## Task material
-------------------------

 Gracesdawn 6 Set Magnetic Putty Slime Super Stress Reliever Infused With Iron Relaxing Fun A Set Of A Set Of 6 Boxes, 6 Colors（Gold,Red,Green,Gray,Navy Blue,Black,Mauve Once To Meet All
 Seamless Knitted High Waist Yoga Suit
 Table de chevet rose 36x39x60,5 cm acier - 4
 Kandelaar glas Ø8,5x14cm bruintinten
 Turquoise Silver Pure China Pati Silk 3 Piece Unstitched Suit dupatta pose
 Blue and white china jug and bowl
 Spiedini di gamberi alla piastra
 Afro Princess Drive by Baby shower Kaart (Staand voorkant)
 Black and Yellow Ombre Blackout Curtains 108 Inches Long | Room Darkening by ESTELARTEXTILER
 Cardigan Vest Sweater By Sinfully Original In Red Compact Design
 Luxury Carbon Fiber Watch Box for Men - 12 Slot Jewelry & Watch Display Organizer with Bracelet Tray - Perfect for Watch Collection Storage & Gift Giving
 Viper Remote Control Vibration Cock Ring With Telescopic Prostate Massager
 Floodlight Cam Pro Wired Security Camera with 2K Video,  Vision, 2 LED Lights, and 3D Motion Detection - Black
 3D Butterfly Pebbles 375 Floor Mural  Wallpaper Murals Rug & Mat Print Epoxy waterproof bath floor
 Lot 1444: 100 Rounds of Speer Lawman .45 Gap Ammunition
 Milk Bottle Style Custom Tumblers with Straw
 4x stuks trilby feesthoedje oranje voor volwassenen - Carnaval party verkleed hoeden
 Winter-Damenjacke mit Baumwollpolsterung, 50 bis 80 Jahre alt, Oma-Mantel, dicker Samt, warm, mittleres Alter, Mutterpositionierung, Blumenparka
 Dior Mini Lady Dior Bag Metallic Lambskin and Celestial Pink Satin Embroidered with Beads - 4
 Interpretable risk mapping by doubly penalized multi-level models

-------------------------

## Exercise requirements
Set down the listing above in full, please, exactly as it appears.

## Answer area
 Gracesdawn 6 Set Magnetic Putty Slime Super Stress Reliever Infused With Iron Relaxing Fun A Set Of A Set Of 6 Boxes, 6 Colors（Gold,Red,Green,Gray,Navy Blue,Black,Mauve Once To Meet All
 Seamless Knitted High Waist Yoga Suit
 Table de chevet rose 36x39x60,5 cm acier - 4
 Kandelaar glas Ø8,5x14cm bruintinten
 Turquoise Silver Pure China Pati Silk 3 Piece Unstitched Suit dupatta pose
 Blue and white china jug and bowl
 Spiedini di gamberi alla piastra
 Afro Princess Drive by Baby shower Kaart (Staand voorkant)
 Black and Yellow Ombre Blackout Curtains 108 Inches Long | Room Darkening by ESTELARTEXTILER
 Cardigan Vest Sweater By Sinfully Original In Red Compact Design
 Luxury Carbon Fiber Watch Box for Men - 12 Slot Jewelry & Watch Display Organizer with Bracelet Tray - Perfect for Watch Collection Storage & Gift Giving
 Viper Remote Control Vibration Cock Ring With Telescopic Prostate Massager
 Floodlight Cam Pro Wired Security Camera with 2K Video,  Vision, 2 LED Lights, and 3D Motion Detection - Black
 3D Butterfly Pebbles 375 Floor Mural  Wallpaper Murals Rug & Mat Print Epoxy waterproof bath floor
 Lot 1444: 100 Rounds of Speer Lawman .45 Gap Ammunition
 Milk Bottle Style Custom Tumblers with Straw
 4x stuks trilby feesthoedje oranje voor volwassenen - Carnaval party verkleed hoeden
 Winter-Damenjacke mit Baumwollpolsterung, 50 bis 80 Jahre alt, Oma-Mantel, dicker Samt, warm, mittleres Alter, Mutterpositionierung, Blumenparka
 Dior Mini Lady Dior Bag Metallic Lambskin and Celestial Pink Satin Embroidered with Beads - 4
 Interpretable risk mapping by doubly penalized multi-level models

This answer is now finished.